En la entrevista, propuse a mis dos interlocutores denunciar el hecho al día siguiente en el juzgado en lo penal de turno en esta capital y adjuntar a la denuncia la hoja enviada desde Buenos Aires por el doctor Peroni y fotografías de las dos piezas que todavía conservaba la Catedral, autenticadas por un notario público.

Al otro día, con gran premura, llevé la denuncia formulada por el padre Blujacki al juzgado de turno, a cargo del cual estaba, si no me equivoco, el doctor Carlos Casco Ternet.

Le pedí audiencia para explicarle lo que pasaba y le sugerí, en la conversación, presentar dos exhortos al Poder Judicial argentino: uno a la jurisdicción civil y comercial, solicitando la suspensión del remate para no perder la pista de los adornos sacros robados de la Catedral, y otro al juez de primera instancia en lo penal de turno, requiriendo el secuestro de los dos florones antes del remate y su devolución al juzgado requirente en Asunción por integrar el cuerpo del delito que allí se investigaba.

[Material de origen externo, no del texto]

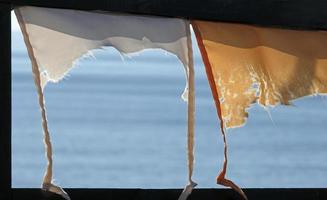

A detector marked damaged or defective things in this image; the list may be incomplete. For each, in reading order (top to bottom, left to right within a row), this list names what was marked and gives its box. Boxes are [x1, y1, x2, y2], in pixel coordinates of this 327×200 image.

ragged edge [14, 7, 70, 200]
torn white fabric [15, 5, 196, 200]
ragged edge [178, 20, 199, 200]
ragged edge [192, 21, 249, 200]
torn orange fabric [193, 20, 326, 200]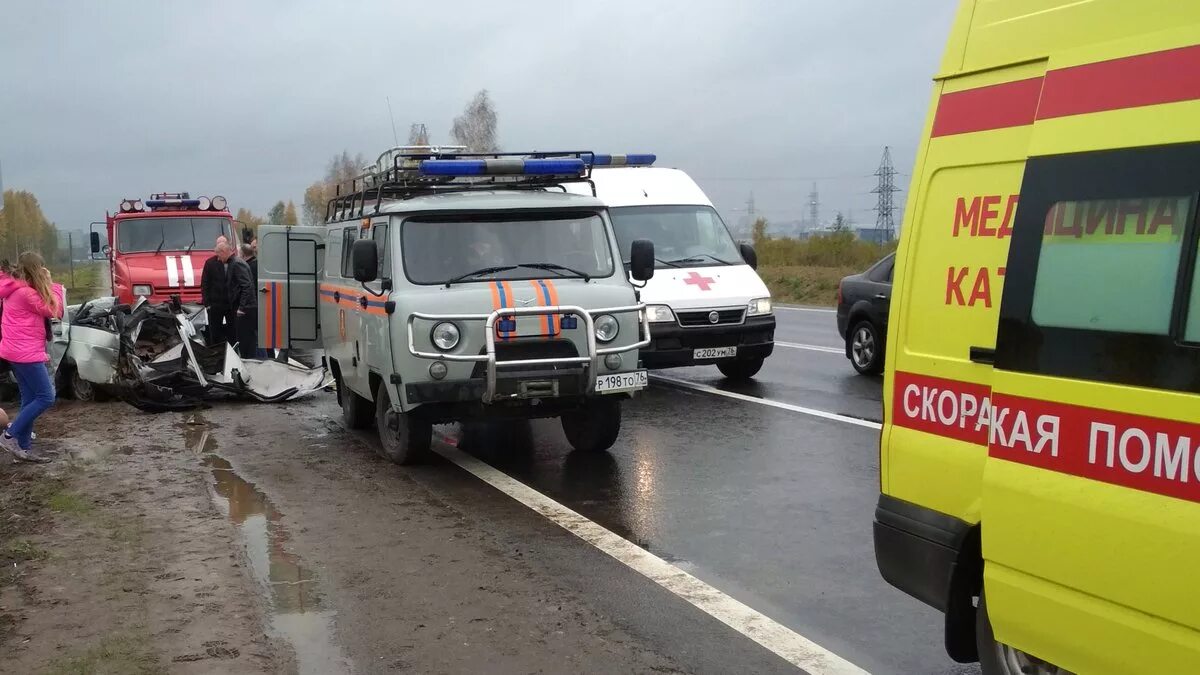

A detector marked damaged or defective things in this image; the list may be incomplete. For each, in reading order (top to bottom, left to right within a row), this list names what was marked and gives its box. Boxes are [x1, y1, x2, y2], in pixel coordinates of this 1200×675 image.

wrecked car [49, 291, 331, 408]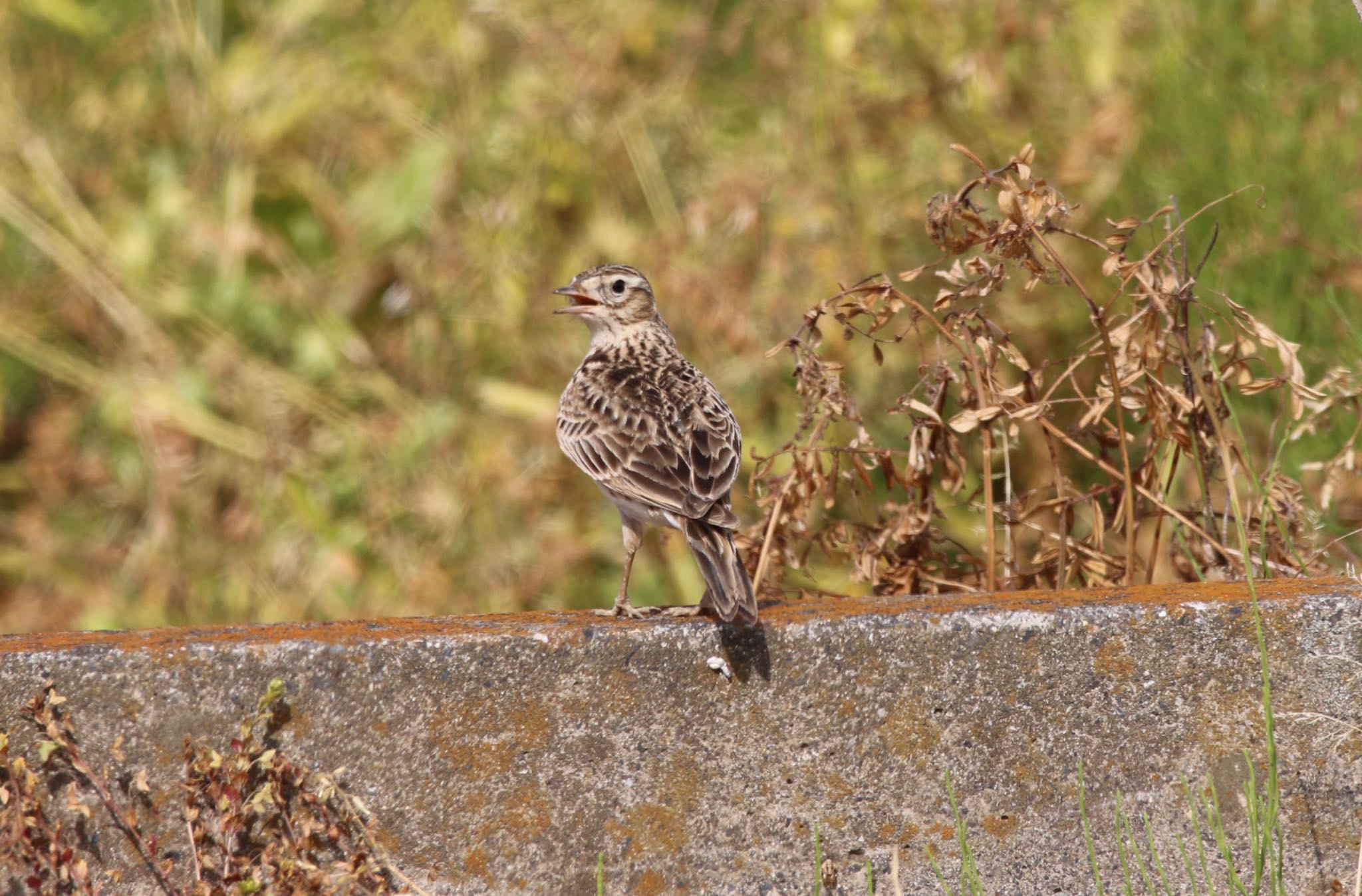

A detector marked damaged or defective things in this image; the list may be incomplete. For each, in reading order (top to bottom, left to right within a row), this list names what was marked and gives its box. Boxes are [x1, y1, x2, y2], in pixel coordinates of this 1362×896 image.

En un par de días presenté los exhortos; con el total apoyo de las autoridades del Poder Judicial y del Poder Ejecutivo, los legalizamos y los enviamos al doctor Peroni para que, en Buenos Aires, él les diera entrada en el Ministerio de Relaciones Exteriores argentino a fin de que fueran remitidos, a través de la Corte Suprema de Justicia y de los demás órganos judiciales de rigor, al juez en lo penal de turno.

Nuestro corresponsal actuó con toda la velocidad que su fama en el foro porteño permitía esperar. Se suspendió el remate y, previa intervención del Ministerio Público, el juez en lo penal dictó resolución disponiendo la devolución de los florones malhabidos al juzgado paraguayo para que este les diera el uso judicial pertinente y, al fin, en su oportunidad, los devolviera a la autoridad eclesiástica de nuestro país.

En tres meses de actividad, en Asunción a mi cargo, y a cargo del prestigio y la capacidad del doctor Peroni en los tribunales porteños, los florones fueron restituidos a la Catedral y devueltos a su lugar, junto a sus hermanos, que los aguardaban en el Altar Mayor, con gran publicidad y regocijo de las autoridades religiosas y de toda la feligresía, que acudía a las misas de la Catedral para deleitarse con su hermosura.

Monseñor Agustín Blujacki, con suma caballerosidad, insistió mucho en recompensar con, a su juicio, merecidos honorarios a los reparadores del robo sacrílego, propuesta que fue declinada, sin excepción, por todos los felices participantes del triunfal rescate de los bellos florones de la Catedral de Asunción.

Sin duda, en aventuras de esta naturaleza –así lo deseo yo– es más conveniente recibir, en forma de valiosas indulgencias, las gratificaciones en la otra vida.